Please add the output from the command: meshtastic --info

Same issue on both.

Also, I use IP addresses, not hostnames when I speak to my devices. They are all different models on different networks. I was first suspecting my IPS, but it also occurs when I am on the same ether without IPS.

Also hangs on MacOS X

dfloer commented 2 years ago

I can confirm that I'm having similar issues on both Linux (Arch, fully up-to-date as of posting) and Windows 10 (19044.1503). Both using Python 3.10.2, meshtastic 1.2.83, with1.2.55 on a v2.1 Heltec connected to WiFi with no routers or any packet filtering between it and my test machines. I tried both IP address and hostname.

Command run was: meshtastic --host {host|IP} --info, and it successfully completed.

I am not having the issue happen consistently. When I was first testing, it was happening every time I tried, but as I poke at it more, it stopped happening. Thinking I may have changed some code, I created a new pipenv to make sure that I was still seeing the hang, and I was only able to make it happen 4/36 attempts.

Maybe this is a race condition, but related to something with the device, rather than the library/host directly?
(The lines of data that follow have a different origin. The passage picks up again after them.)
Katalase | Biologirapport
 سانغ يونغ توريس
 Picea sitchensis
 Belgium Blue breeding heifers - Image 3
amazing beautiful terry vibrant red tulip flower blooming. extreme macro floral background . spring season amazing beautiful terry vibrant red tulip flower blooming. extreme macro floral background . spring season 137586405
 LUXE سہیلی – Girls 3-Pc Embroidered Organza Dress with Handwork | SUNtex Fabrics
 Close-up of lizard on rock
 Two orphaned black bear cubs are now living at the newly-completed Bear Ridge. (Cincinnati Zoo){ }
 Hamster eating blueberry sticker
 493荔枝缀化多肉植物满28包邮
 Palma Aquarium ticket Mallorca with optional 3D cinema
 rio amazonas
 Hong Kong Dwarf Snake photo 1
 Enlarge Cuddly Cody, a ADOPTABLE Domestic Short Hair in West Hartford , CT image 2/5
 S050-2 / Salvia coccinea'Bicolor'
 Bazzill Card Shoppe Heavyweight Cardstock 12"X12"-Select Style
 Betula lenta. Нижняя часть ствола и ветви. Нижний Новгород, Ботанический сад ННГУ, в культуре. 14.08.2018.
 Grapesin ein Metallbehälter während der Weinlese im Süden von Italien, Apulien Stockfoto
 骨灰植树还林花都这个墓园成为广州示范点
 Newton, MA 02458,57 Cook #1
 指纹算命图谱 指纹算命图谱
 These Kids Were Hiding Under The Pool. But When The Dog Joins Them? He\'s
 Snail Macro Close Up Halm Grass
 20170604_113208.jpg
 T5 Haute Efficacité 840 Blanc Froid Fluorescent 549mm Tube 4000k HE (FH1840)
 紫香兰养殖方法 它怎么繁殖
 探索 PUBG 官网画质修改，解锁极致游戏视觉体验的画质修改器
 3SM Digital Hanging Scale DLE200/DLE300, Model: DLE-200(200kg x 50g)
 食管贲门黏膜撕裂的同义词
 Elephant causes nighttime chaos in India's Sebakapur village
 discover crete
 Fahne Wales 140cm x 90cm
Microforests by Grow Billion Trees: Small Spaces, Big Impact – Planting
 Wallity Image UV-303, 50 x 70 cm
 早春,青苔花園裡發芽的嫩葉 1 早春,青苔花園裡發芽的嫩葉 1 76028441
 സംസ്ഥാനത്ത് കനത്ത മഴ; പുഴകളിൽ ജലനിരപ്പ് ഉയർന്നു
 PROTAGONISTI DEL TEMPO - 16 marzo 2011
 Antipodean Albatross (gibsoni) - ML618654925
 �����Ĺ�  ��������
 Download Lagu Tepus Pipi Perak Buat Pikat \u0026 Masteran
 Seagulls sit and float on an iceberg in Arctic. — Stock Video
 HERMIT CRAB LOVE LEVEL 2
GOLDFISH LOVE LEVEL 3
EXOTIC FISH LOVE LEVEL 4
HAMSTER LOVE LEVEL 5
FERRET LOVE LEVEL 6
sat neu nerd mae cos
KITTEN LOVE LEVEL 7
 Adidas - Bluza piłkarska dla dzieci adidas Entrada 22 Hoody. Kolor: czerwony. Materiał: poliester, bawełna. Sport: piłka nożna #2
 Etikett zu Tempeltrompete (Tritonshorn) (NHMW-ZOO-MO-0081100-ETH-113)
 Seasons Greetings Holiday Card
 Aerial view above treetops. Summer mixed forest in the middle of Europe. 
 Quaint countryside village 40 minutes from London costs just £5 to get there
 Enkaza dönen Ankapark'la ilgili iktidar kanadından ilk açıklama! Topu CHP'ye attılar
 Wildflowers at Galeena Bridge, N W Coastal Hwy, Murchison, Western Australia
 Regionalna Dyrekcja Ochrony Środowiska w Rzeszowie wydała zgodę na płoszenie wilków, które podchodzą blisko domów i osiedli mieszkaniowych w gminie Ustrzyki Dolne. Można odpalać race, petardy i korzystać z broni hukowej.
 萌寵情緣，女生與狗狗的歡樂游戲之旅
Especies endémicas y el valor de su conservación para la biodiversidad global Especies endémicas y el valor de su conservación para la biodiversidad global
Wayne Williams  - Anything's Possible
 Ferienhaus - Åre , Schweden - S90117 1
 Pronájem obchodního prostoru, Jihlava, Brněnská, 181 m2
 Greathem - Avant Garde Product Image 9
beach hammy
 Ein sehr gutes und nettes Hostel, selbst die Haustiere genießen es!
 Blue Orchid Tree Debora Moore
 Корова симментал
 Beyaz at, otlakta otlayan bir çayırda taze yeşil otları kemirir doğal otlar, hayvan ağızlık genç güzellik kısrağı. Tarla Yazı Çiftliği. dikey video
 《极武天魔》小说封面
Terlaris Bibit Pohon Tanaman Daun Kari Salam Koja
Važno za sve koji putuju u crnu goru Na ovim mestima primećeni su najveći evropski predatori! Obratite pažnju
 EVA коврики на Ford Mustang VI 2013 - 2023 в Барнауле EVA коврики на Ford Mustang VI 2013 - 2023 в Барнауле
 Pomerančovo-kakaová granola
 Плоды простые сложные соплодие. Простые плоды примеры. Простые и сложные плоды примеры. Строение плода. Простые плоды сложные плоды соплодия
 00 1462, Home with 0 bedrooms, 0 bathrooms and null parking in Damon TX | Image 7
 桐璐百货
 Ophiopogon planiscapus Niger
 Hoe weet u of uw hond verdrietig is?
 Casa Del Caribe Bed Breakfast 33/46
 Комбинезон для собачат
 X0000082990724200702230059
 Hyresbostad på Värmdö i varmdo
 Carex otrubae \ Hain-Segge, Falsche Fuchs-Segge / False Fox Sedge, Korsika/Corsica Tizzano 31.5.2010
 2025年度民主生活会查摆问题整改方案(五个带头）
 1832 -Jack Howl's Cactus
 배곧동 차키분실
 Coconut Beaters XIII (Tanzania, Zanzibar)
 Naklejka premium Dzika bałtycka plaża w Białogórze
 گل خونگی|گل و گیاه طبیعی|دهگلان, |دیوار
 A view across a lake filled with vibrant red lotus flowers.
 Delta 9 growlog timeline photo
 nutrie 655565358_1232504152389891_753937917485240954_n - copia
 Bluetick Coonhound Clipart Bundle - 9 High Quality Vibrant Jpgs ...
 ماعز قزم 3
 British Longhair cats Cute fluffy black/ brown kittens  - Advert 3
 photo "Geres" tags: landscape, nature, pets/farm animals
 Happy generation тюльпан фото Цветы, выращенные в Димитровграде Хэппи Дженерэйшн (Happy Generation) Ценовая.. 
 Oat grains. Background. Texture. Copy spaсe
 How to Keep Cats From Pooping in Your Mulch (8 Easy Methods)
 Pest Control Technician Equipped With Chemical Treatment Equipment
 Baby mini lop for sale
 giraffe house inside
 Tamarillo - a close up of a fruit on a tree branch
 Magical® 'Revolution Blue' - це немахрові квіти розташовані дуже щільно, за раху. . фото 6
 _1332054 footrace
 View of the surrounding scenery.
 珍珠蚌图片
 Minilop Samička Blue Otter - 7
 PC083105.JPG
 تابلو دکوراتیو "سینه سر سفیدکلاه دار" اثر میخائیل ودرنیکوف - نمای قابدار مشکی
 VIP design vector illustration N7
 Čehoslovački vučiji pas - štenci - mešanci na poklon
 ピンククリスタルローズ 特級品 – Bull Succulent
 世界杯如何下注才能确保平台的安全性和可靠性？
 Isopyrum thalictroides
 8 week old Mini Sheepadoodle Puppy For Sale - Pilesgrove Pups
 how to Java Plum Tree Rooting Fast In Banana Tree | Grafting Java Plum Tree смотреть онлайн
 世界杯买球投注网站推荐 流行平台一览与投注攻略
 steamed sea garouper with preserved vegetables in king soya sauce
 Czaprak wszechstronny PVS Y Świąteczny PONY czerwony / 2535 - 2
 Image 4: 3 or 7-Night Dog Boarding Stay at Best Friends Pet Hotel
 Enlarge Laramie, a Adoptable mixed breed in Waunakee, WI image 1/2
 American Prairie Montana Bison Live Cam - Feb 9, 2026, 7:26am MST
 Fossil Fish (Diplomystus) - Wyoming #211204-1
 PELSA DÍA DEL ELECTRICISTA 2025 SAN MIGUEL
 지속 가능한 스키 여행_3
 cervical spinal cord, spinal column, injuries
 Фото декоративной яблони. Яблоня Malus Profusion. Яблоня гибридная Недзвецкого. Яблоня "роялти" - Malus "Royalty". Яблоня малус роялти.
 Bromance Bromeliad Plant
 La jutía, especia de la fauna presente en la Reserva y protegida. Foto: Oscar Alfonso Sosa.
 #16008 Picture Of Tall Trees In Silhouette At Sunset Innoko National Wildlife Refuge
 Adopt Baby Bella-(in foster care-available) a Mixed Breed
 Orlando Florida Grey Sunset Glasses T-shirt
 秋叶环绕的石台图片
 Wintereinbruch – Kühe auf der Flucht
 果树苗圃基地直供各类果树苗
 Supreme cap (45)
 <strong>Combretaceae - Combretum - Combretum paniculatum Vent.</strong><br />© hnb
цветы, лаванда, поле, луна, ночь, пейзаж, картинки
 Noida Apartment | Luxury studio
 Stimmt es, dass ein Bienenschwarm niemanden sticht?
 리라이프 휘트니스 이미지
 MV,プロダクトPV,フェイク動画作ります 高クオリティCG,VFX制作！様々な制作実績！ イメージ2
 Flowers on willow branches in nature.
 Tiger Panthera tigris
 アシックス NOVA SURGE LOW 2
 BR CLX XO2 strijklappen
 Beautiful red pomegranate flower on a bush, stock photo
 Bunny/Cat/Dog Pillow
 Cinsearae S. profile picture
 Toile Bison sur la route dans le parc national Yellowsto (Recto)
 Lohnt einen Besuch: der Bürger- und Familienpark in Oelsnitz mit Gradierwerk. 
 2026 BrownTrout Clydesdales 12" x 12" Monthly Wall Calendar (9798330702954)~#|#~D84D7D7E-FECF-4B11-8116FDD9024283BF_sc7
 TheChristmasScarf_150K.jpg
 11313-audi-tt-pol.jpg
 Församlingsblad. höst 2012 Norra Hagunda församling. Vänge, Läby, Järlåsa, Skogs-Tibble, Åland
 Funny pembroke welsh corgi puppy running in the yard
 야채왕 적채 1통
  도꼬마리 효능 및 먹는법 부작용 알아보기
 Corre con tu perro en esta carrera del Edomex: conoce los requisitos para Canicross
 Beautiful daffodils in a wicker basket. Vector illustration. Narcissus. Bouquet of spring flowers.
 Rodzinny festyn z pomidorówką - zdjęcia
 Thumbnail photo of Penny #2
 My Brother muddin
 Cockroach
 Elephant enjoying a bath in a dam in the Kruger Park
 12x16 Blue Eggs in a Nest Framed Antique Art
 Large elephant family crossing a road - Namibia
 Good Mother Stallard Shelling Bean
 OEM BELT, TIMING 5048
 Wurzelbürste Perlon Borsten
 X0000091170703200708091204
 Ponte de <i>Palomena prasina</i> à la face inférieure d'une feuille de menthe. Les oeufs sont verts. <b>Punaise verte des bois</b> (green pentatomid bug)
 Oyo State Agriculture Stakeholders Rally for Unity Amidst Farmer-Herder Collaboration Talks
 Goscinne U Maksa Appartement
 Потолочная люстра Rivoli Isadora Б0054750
While I didn't change anything on the node, it is part of a mesh, so there is data flowing through it, and it should be logging with the rangetest plugin as well.

mkinney commented 2 years ago

Good news! I think I found the problem. I have a fix building now.

See https://github.com/meshtastic/Meshtastic-device/pull/1266

mkinney commented 2 years ago

Please try https://github.com/meshtastic/Meshtastic-device/releases/tag/v1.2.57.f7c6955

mkinney commented 2 years ago

Per Discord message, "seems to work" - "the hang with Python".